§ **What the task asks**
What must be written out is each line from the one holding "84 Monmouth Dr gallery image 49" through the end of the records, word for word, minus any pictures.

BEGIN Listed entries

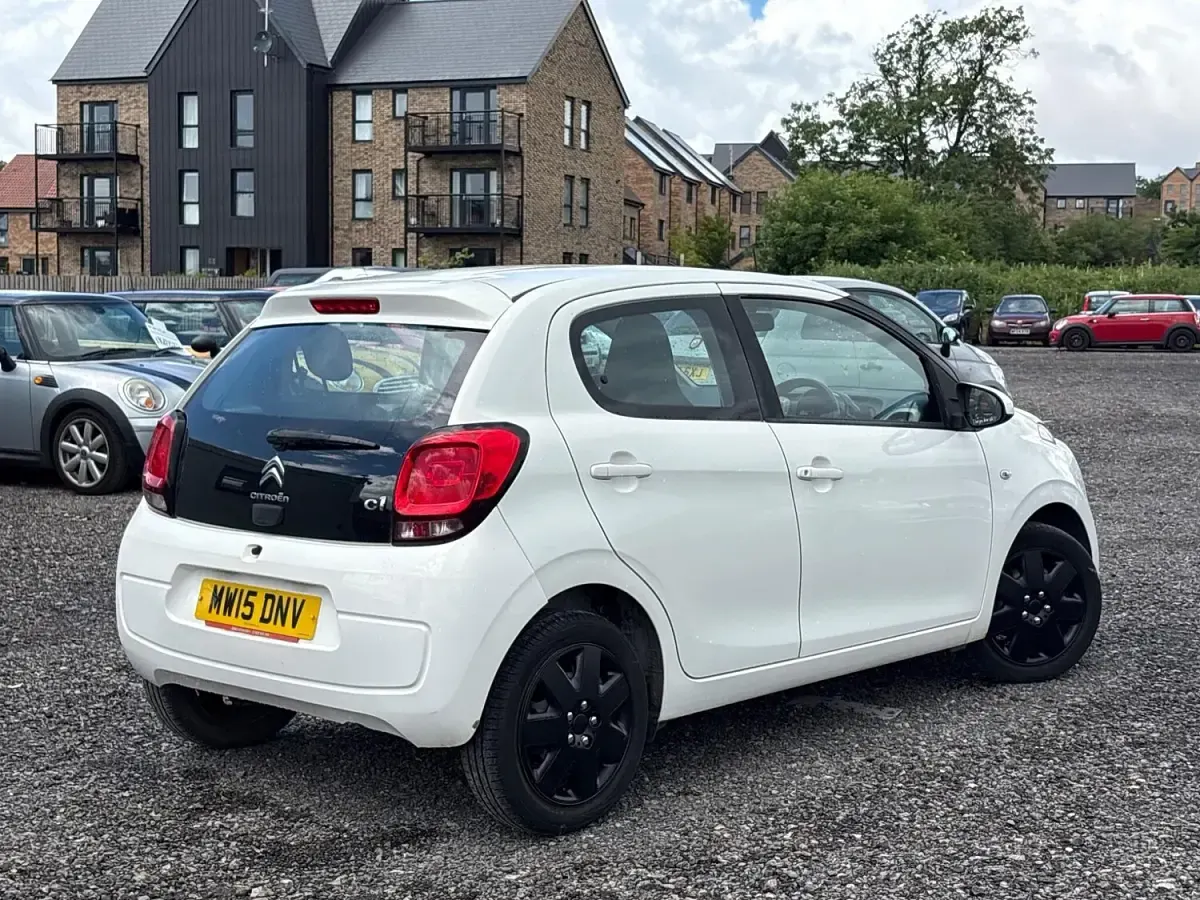 Used Citroën C1 Feel 68 HP (50 kW) 2015 White Hatchback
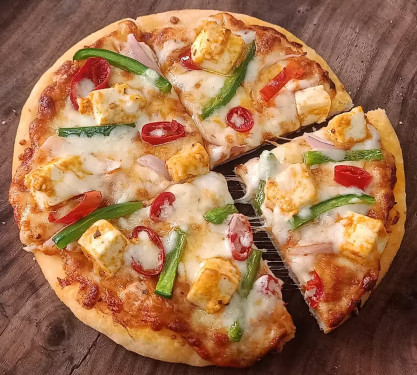 7 Paneer Tandooori Pizza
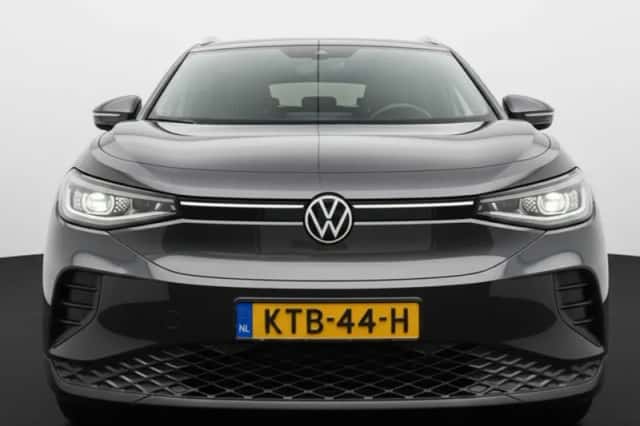 Volkswagen ID.4 (2021) thumbnail 2
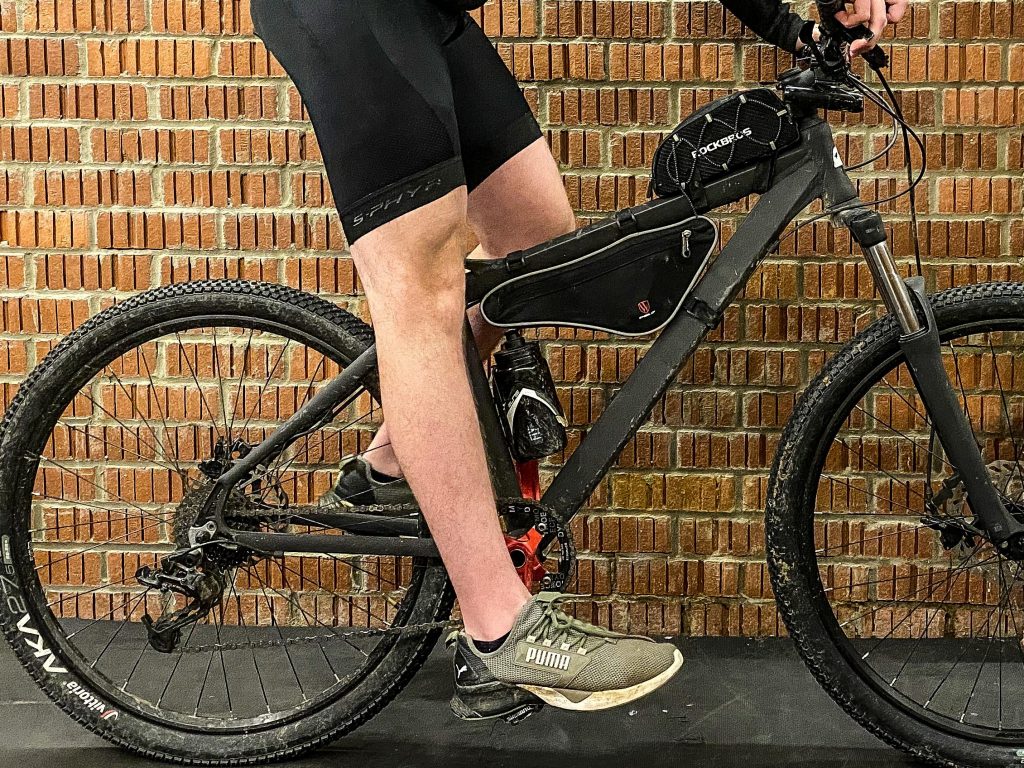 Determine Saddle height heel to pedal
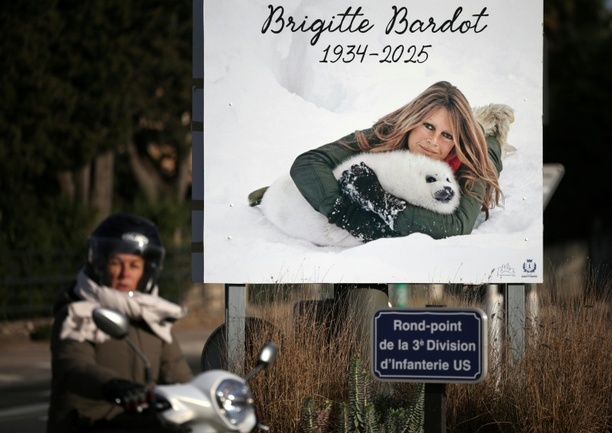 Bild vergr&ouml;&szlig;ern: Französischer Filmstar Brigitte Bardot wird in Saint-Tropez beigesetzt
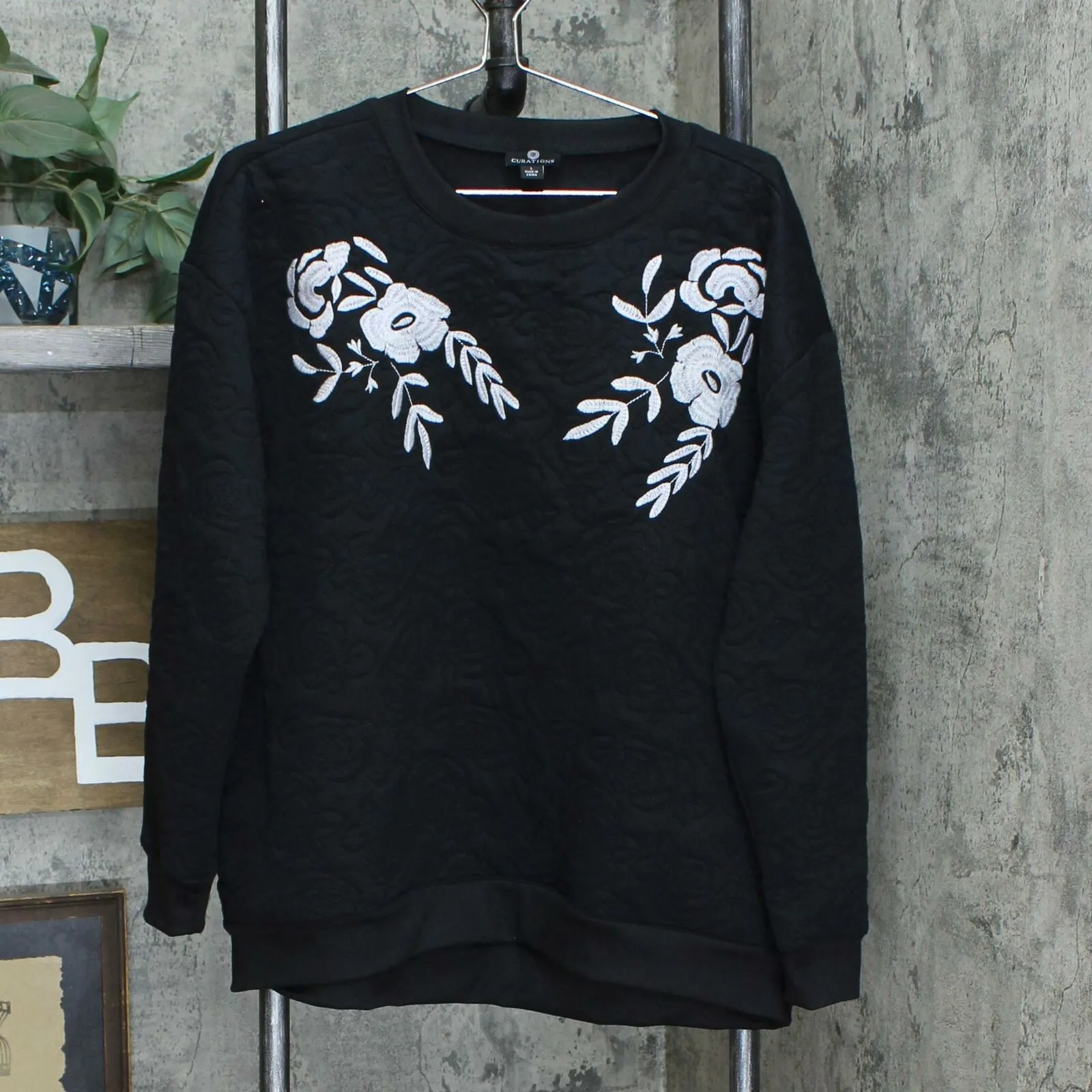 Curations Women's Quilted Sweatshirt With Floral Applique Black Large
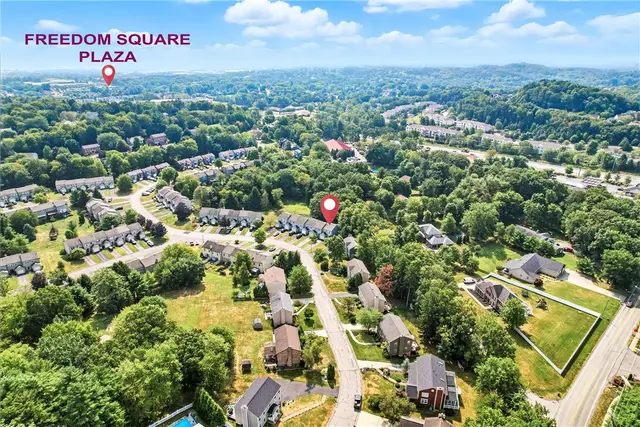 84 Monmouth Dr gallery image 49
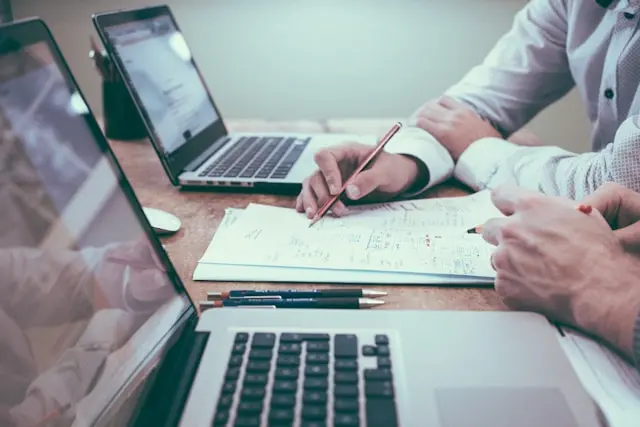 Cuáles son las diferencias entre asesoría y consultoría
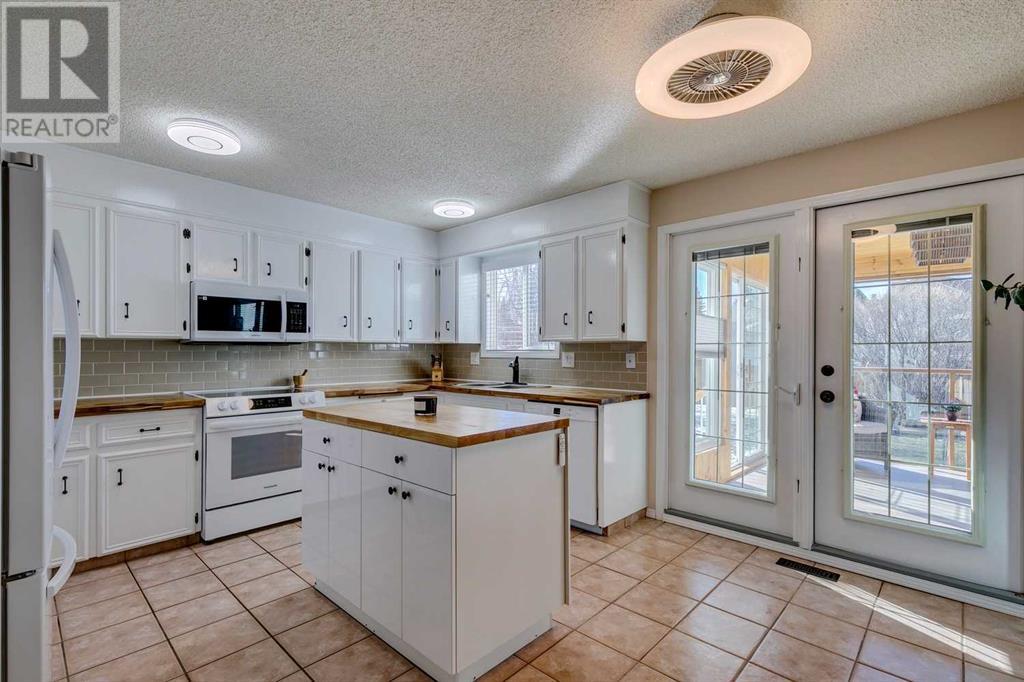 Single Family House for Sale in  Millbank Court SW Millrise Calgary 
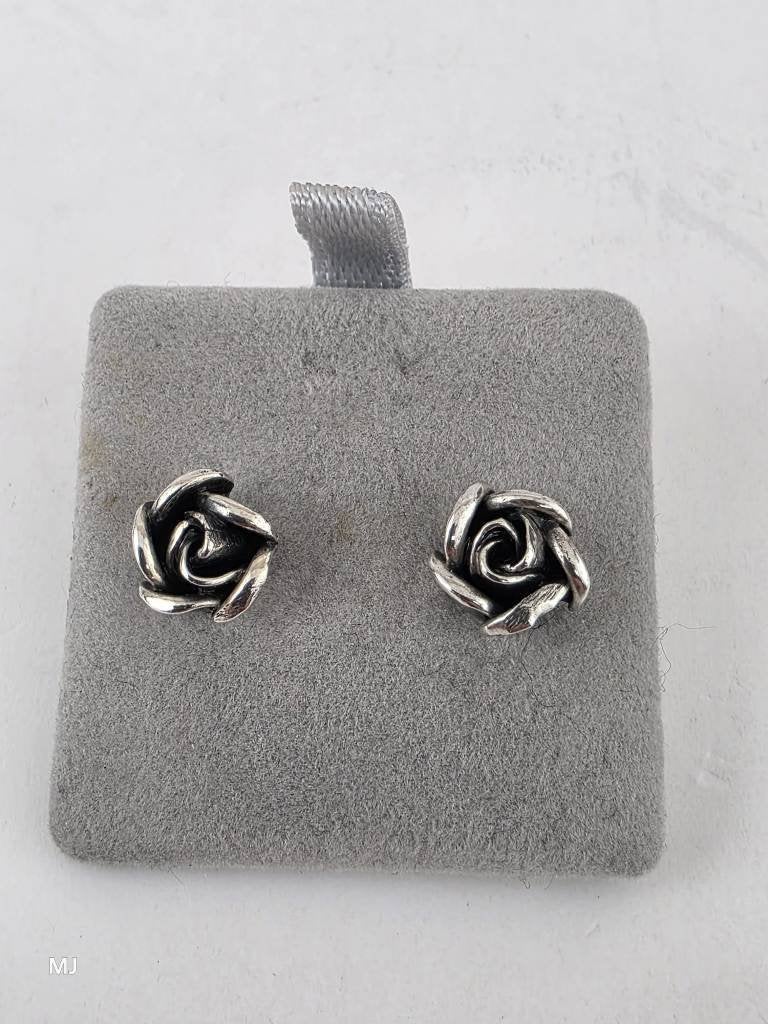 Zilveren roosjes oorknopjes                             Z136, Sieraden, Tassen en Uiterlijk, Oorbellen, Gebruikt, ., Ophalen of Verzenden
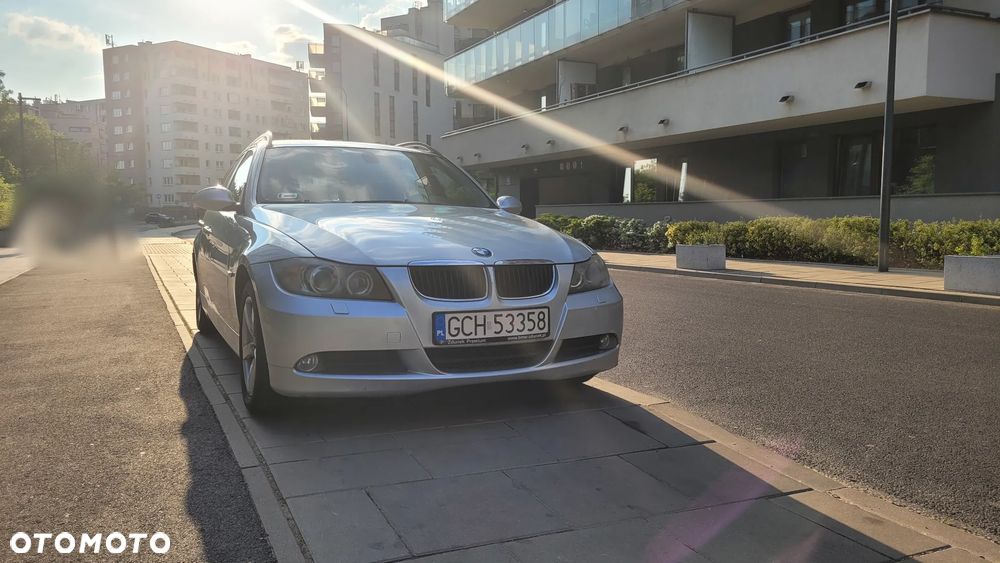 BMW Seria 3 320d DPF - 6
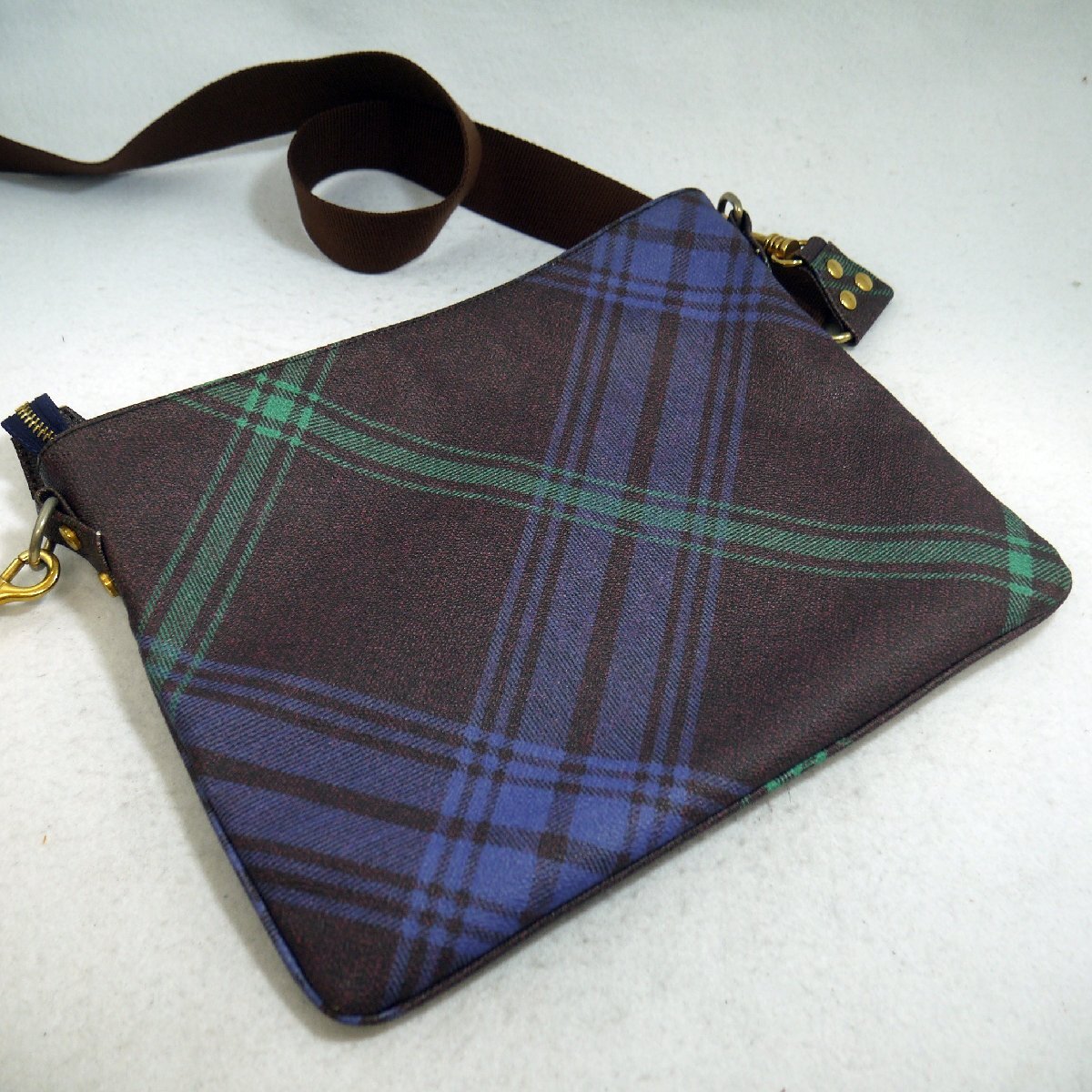 USED品・保管品 Vivienne Westwood ヴィヴィアンウエストウッド ショルダーバッグ PVC チェック柄 パープル系_画像3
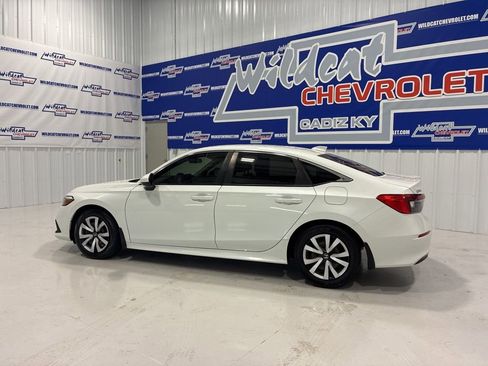 Used 2022 Honda Civic LX image 3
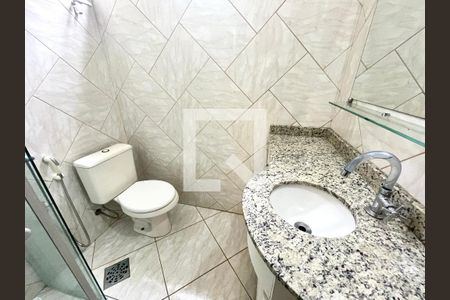 Casa à venda com 144m², 2 quartos e 2 vagas Casa à venda com 144m², 2 quartos e 2 vagasBanheiro Social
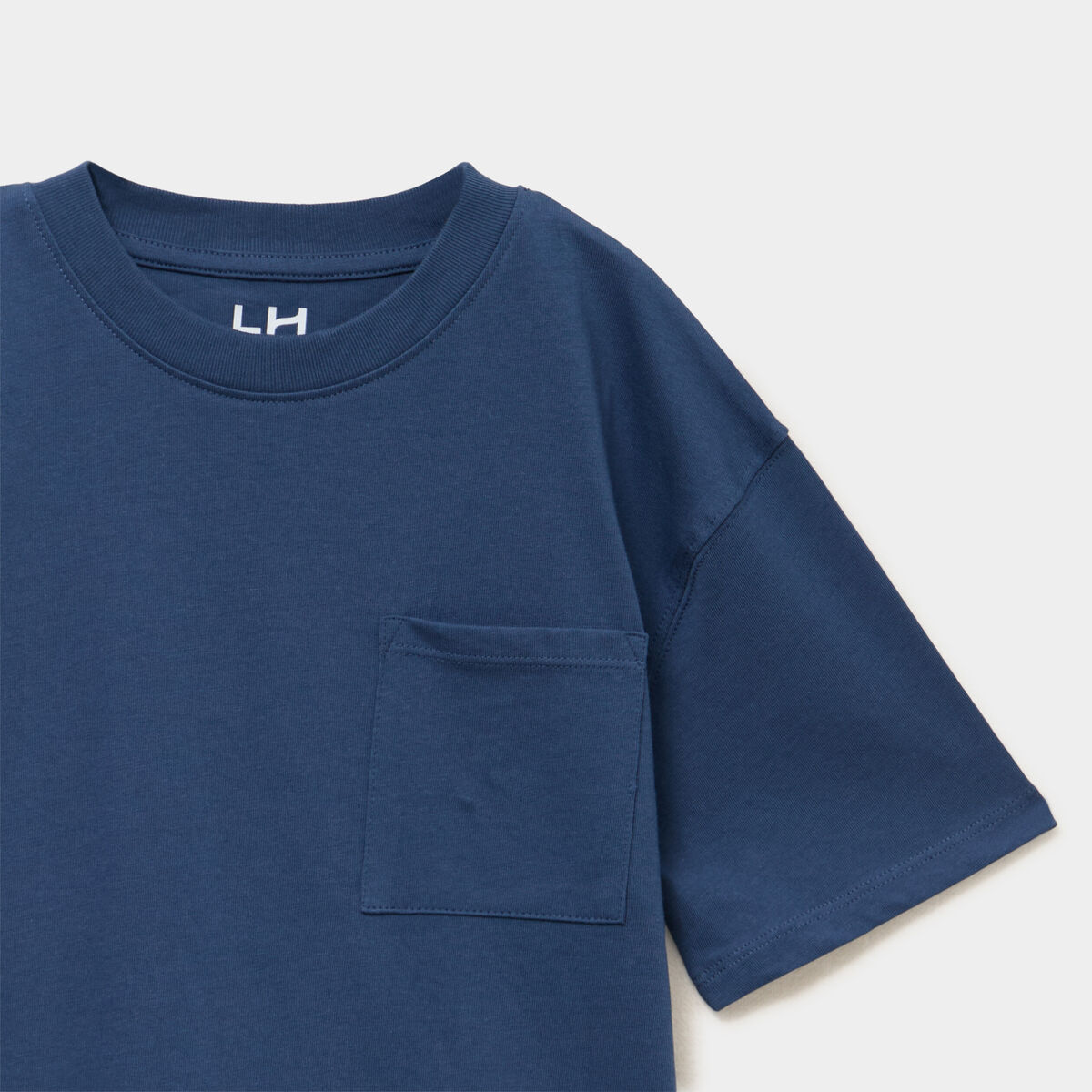 T-shirt oversize 1 poche manches courtes bleu fonc&eacute; gar&ccedil;on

END Listed entries

§ **The answer**
 84 Monmouth Dr gallery image 49
 Cuáles son las diferencias entre asesoría y consultoría
 Single Family House for Sale in  Millbank Court SW Millrise Calgary 
 Zilveren roosjes oorknopjes                             Z136, Sieraden, Tassen en Uiterlijk, Oorbellen, Gebruikt, ., Ophalen of Verzenden
 BMW Seria 3 320d DPF - 6
 USED品・保管品 Vivienne Westwood ヴィヴィアンウエストウッド ショルダーバッグ PVC チェック柄 パープル系_画像3
 Used 2022 Honda Civic LX image 3
 Casa à venda com 144m², 2 quartos e 2 vagas Casa à venda com 144m², 2 quartos e 2 vagasBanheiro Social
 T-shirt oversize 1 poche manches courtes bleu fonc&eacute; gar&ccedil;on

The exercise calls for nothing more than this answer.